*** Opening of STUDY MATERIAL ***

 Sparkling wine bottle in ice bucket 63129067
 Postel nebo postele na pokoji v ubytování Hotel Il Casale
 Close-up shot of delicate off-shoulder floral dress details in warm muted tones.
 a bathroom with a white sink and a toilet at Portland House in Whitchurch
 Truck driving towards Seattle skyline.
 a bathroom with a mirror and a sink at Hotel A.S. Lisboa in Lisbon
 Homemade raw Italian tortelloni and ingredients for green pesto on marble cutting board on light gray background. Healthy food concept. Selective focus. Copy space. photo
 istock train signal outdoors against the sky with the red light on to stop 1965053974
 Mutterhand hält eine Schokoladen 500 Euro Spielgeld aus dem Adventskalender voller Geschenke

*** Close of STUDY MATERIAL ***

WHAT YOU SHOULD DO: Using the listing above, report each line that mentions the word "with".

OUTPUT OF THE EXERCISE:
 a bathroom with a white sink and a toilet at Portland House in Whitchurch
 a bathroom with a mirror and a sink at Hotel A.S. Lisboa in Lisbon
 istock train signal outdoors against the sky with the red light on to stop 1965053974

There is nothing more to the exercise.